Tuesday, November 4, 2014

Kirsten Mortensen on Her Greatest Strength as a Writer @KirstenWriter #AmWriting #Suspense



Kirsten Mortensen has been writing fiction ever since she picked up her first crayon. And no, her illustrated picture book "Mic and Mac the Bunnies" will never be a best seller, but it hinted at two of her future lifelong loves: writing and animals.

Today, Mortensen's plots are a bit more involved than the adventures of Mic and Mac. And her novels also span a number of categories including comedy ("Can Job" and the novella "BJs on the Roof"), light literary romance ("Loose Dogs" and "When Libby Met the Fairies"), and, with her latest title, romantic suspense ("Dark Chemistry").

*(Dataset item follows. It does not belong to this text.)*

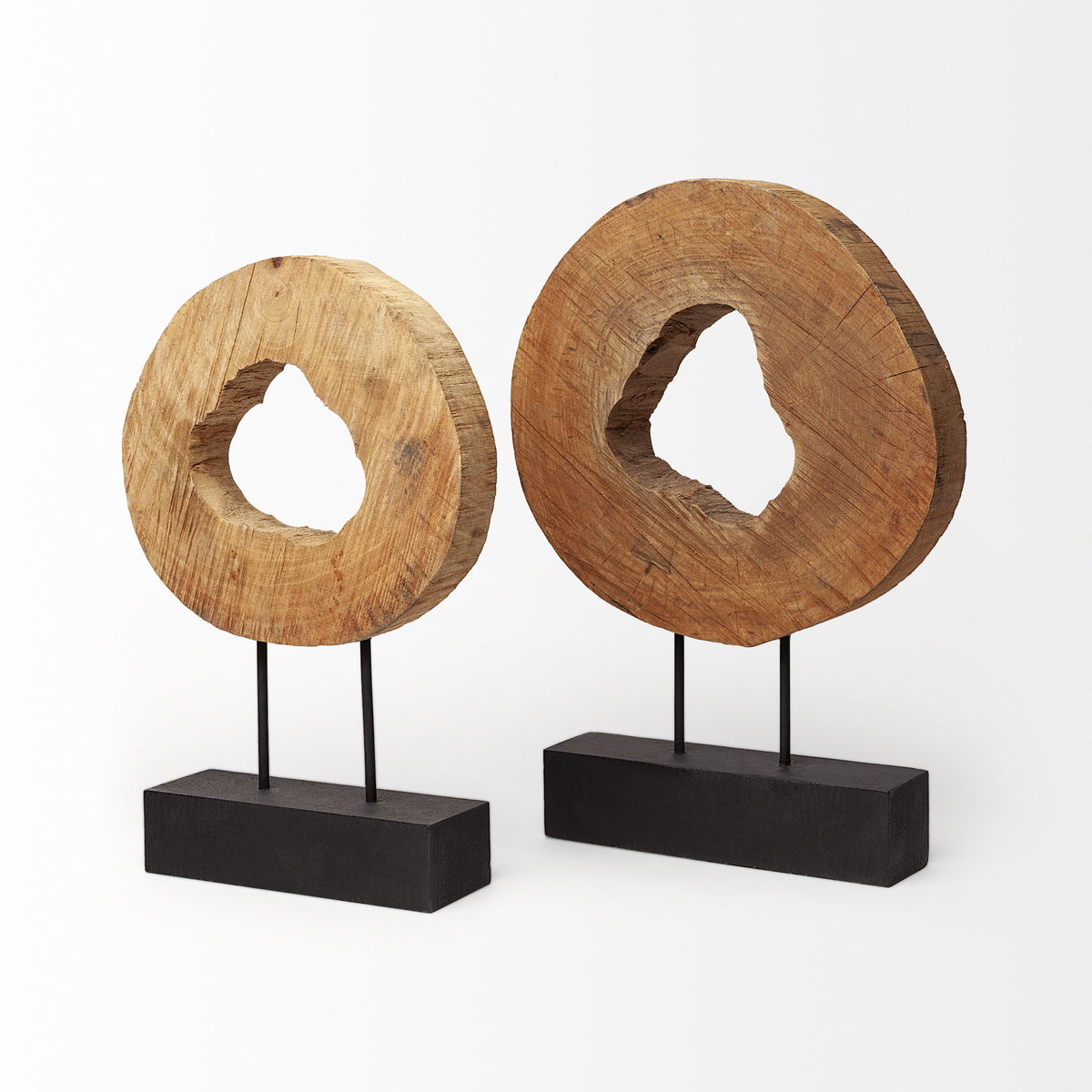 Ironwood II (Small) 13L x 4W Natural Wooden Circular Object, Decorative Object by Mercana, 12.6" length x 3.54" width x 18.75" height View 6
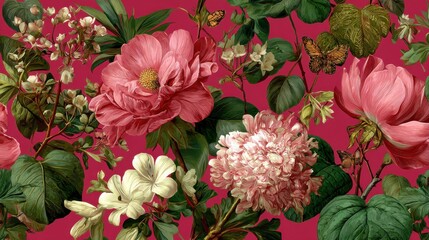 vibrant botanical pattern with pink flowers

Her non-fiction books include "Dog of Your Dreams: How to Pick a Companion Dog Who Will Fit Into Your Home and Your Life" (a Kindle book), "Outwitting Dogs" (co-written with professional dog trainer Terry Ryan; Lyons Press), and "101 Dog Training Tips" (Lyons Press).
Do you find the time to read?
Absolutely. I read topical material on a daily basis, during the daylight hours: blog posts, news pieces both online and in print, and magazine articles on culture, pop culture, media, and politics. Evenings, I read books. I almost always read from either an ebook or a print book for an hour or so before bedtime. It’s not a huge amount of time, but I manage to finish a fair number of books every year.

Last book you purchased? Tell us about it.
It’s a non-fiction book titled Dreamways of the Iroquois by Robert Moss. Moss was born in Australia, and has always had intense, vivid dreams (as I do). Then, in one dream, he “met” a native American woman who began speaking to him in a language he didn’t understand. He did some research afterward and learned it was an archaic form of Mohawk (one of the tribes of the Haudenosaunee [Iroquois]). The book is about what this dream woman taught Moss, and relates many other extraordinary experiences he’s had as he works to teach people how to use their dreams to connect with spirit and find healing.

What do you consider the most challenging about writing a novel?
By far, it’s building a world and holding it in your head—as an intact, coherent world—for as long as it takes to complete the novel. The effort this requires is extraordinary. And you can’t mess it up. You can’t have a character’s eyes be blue in one spot and then brown in another, to cite a simple example. You have to somehow imagine a character with blue eyes, and those blue eyes have to remain real to you from the day you first start to write until the day you put your novel into the hands of your readers. And eye color is only one element: it has to be everything, from the layout of buildings and streets, to characters’ speech patterns and histories and quirks and motivations.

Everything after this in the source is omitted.